Preferisco i tassisti che mi truffano spudoratamente ai camerieri troppo sorridenti e servili nei ristoranti degli alberghi. In entrambi i casi io sono la stessa: un’anonima rappresentante del neocolonialismo, una ricca turista bianca che in un giorno spende quello che una persona normale non guadagna in un mese.

Per esempio, un contadino indonesiano che lavora nelle piantagioni statali, raccogliendo le foglie di tè da essiccare in una vicina fabbrica, prende dodicimila rupie al giorno, meno di un euro. I salari degli operai sono più alti: ventimila rupie al giorno.

Il colore della mia pelle e la mia posizione privilegiata nell’economia globale mi restano incollati addosso. Così, quando ho scoperto che un tassista furbo mi aveva fatto pagare più del doppio, non mi sono arrabbiata. Invece di pensare all’impressione che gli avevo fatto (la solita turista ricca e scema), mi sono soffermata su quello che c’era dietro: un contadino appena arrivato nella capitale in cerca di condizioni migliori per la sua famiglia.

Se tante persone lasciano i bei villaggi dove sono nati (campi di riso e banani che si inerpicano sulle colline dove scorrono sorgenti e fiumi) per trasferirsi in questa metropoli inquinata e trafficata, piena di fogne a cielo aperto, devono avere dei buoni motivi. Imbrogliando noi turisti, riequilibrano leggermente l’iniqua distribuzione della ricchezza globale.

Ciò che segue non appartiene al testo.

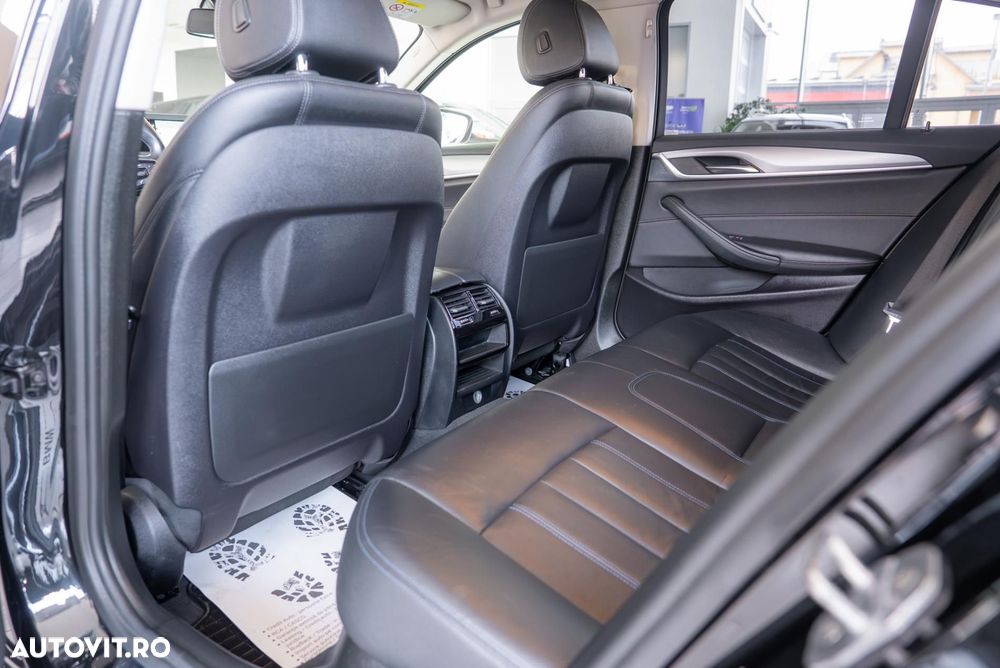 BMW Seria 5 520d xDrive Aut. - 23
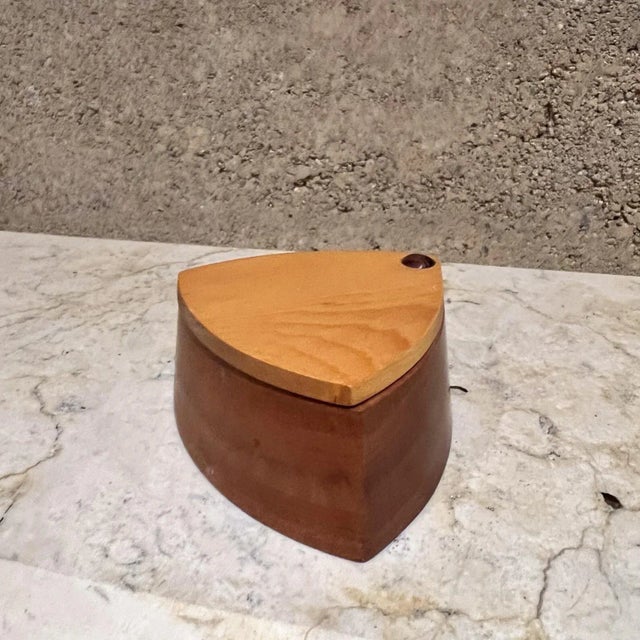 For your consideration, Modernist Wood Vintage Jewelry Box Huon Pine Wood .Signed Rodeo Creations Myrtle Box. Dimensions:...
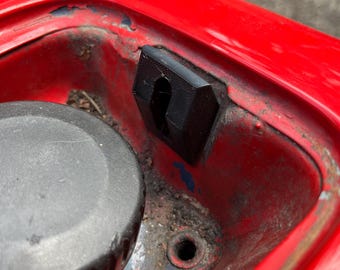 Ersatz für Gasdeckelgummi,partie von FIAT SPIDER & ALFA Spider - (SKU 81-0375)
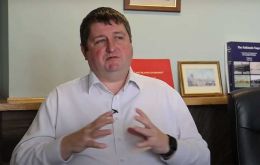 El legislador MLA Mark Pollard hizo los anuncios sobre decisiones inminentes sobre el futuro puerto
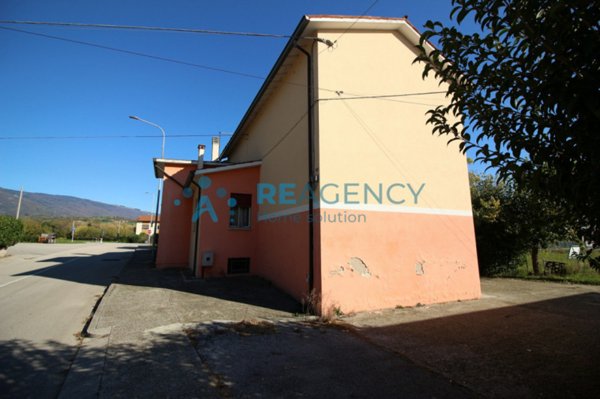 casa indipendente in vendita a Zanè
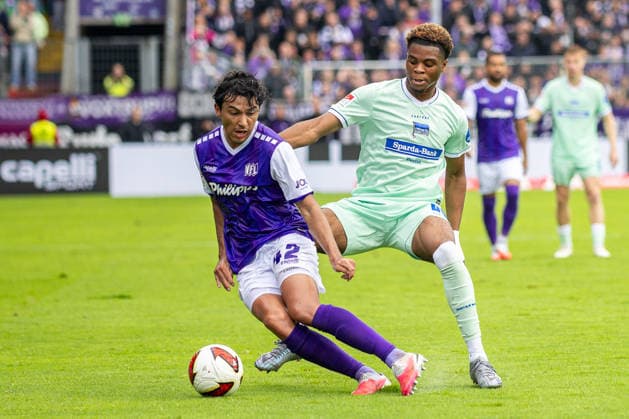 L R Jonathan Gomez (VfL Osnabrück), 42, in a tackle with Farid Alfa Ruprecht (Hertha BSC), 20, GER, VfL Osnabrück vs. Hertha BSC, Soccer, 2. Bundesliga, Matchday 5, 2026–2027 season, September 13, 2026 DFL regulations prohibit any use of photographs as image sequences and or quasi-video GER, VfL Osnabrück vs. Hertha BSC, soccer, 2. Bundesliga, Matchday 5, 2026–2027 season, September 13, 2026, Osnabrück Copyright: xEibner-Pressefoto JanxRollingerx EP_JSK
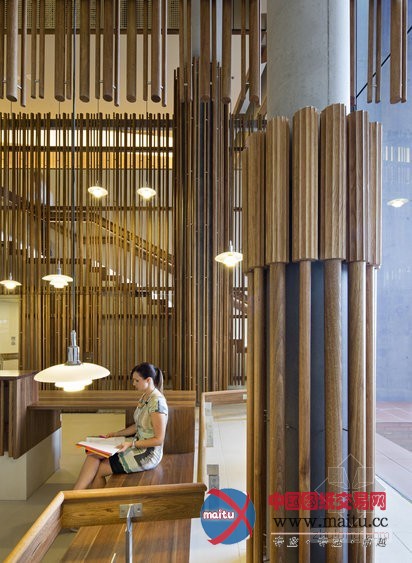 澳大利亚昆士兰的翻译研究所办公空间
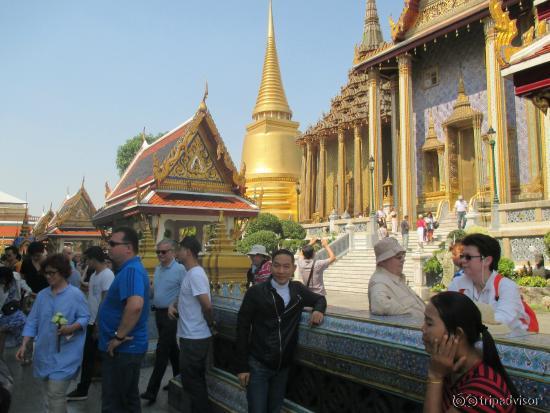 นักท่องเที่ยวต่างชาติ มากมายต่างชื่นชอบและชื่นชมในความงามครับ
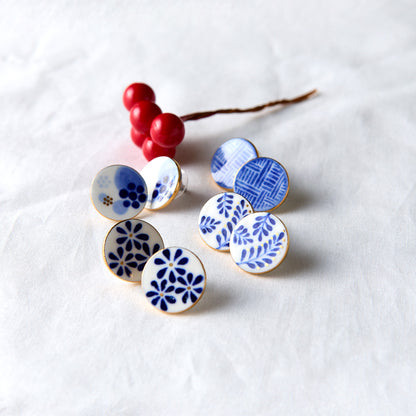 ピアス 織柄 / 手描きの丸いタイル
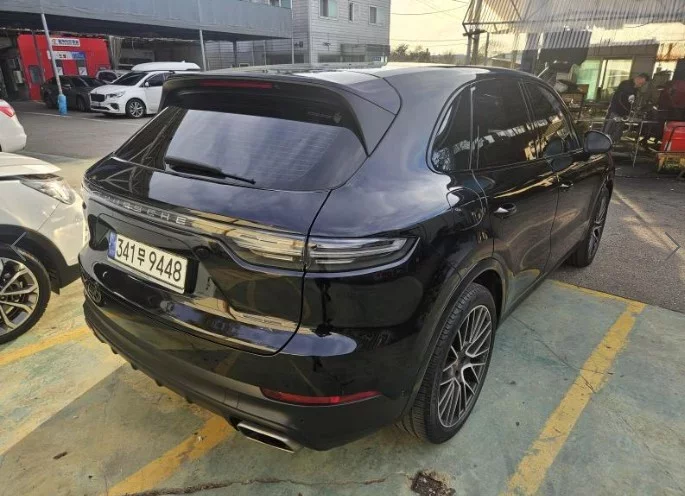 Porsche CAYENNE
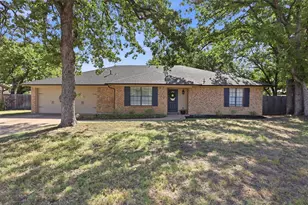 3811 Helmsford Dr, Arlington, TX 76016 - Photo 1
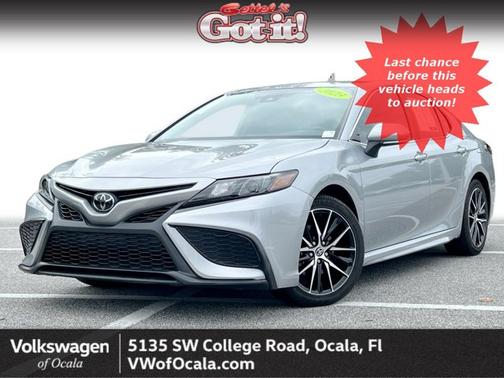 2023 Toyota Camry SE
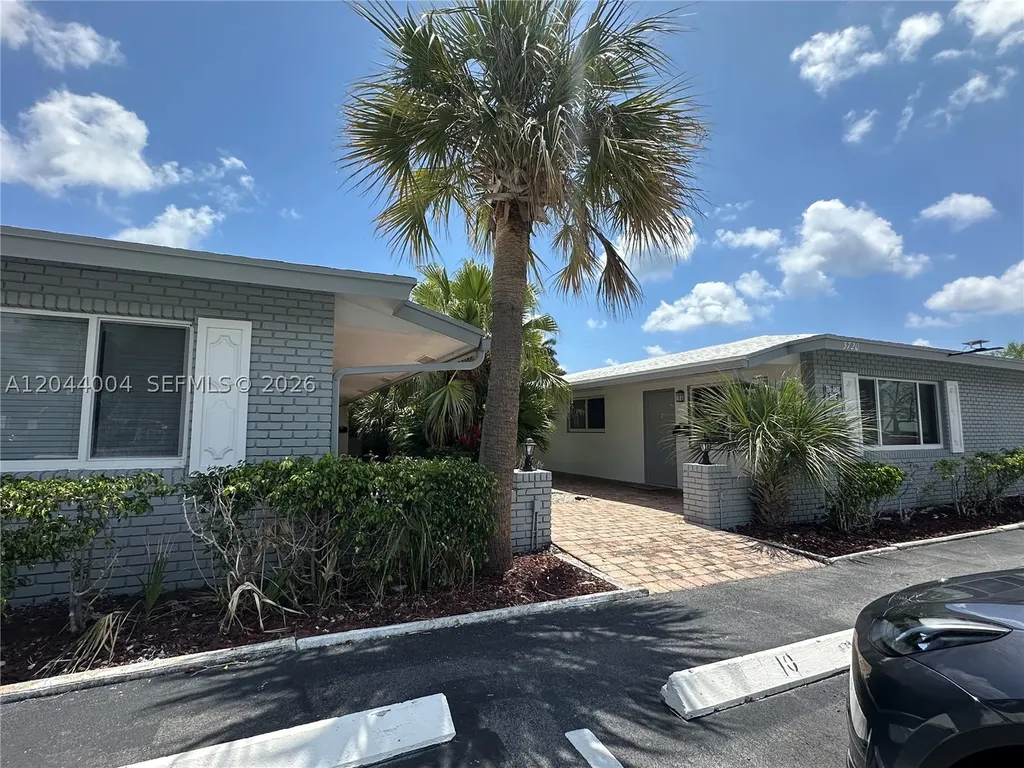 3700 NE 22nd Avenue Lighthouse Point FL 33064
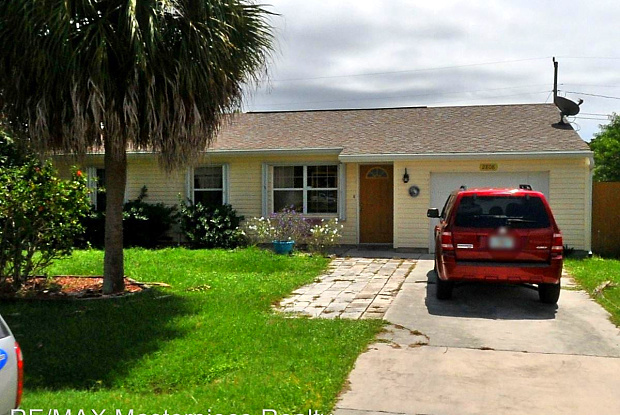 2808 Bucccaneer Circle Apartments For Rent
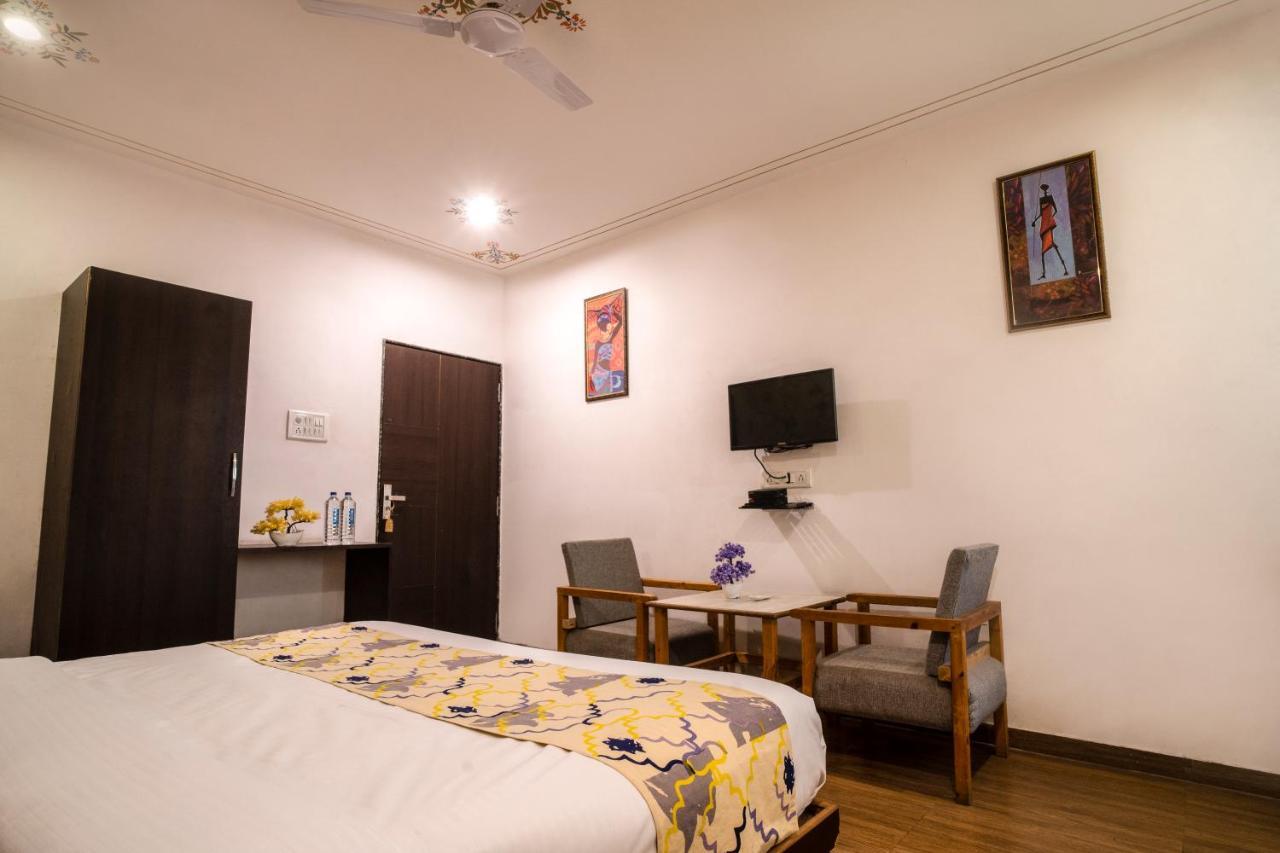 Hotel Tripli Arunoday Palace
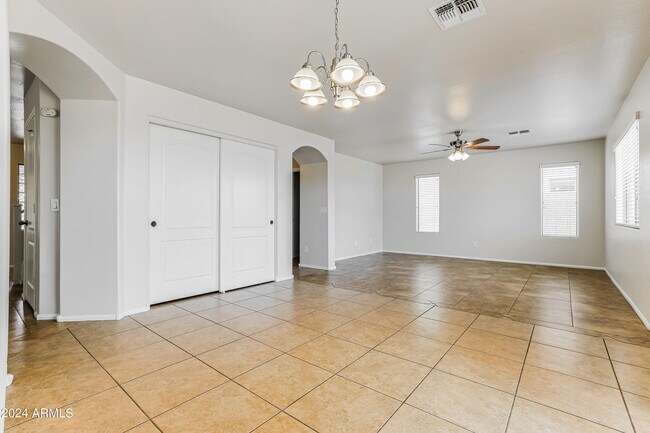 Foto del edificio - 7738 S 47th Ln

Interi villaggi, mi hanno spiegato, dipendono dalle rimesse delle giovani donne che vanno a lavorare all’estero. È difficile trovare buone domestiche in città, perché le migliori si sono trasferite in Arabia Saudita o in Malesia. Quando sono stata invitata a casa di una coppia di nuovi conoscenti, ho avuto l’occasione di dimostrare che non sono la tipica turista ricca. Come molti professionisti, hanno una domestica ventiquattr’ore al giorno. In casa fa tutto lei: pulisce, cucina e porta le loro pesanti valigie su e giù per le scale. Io, almeno, ho insistito per portare la mia da sola.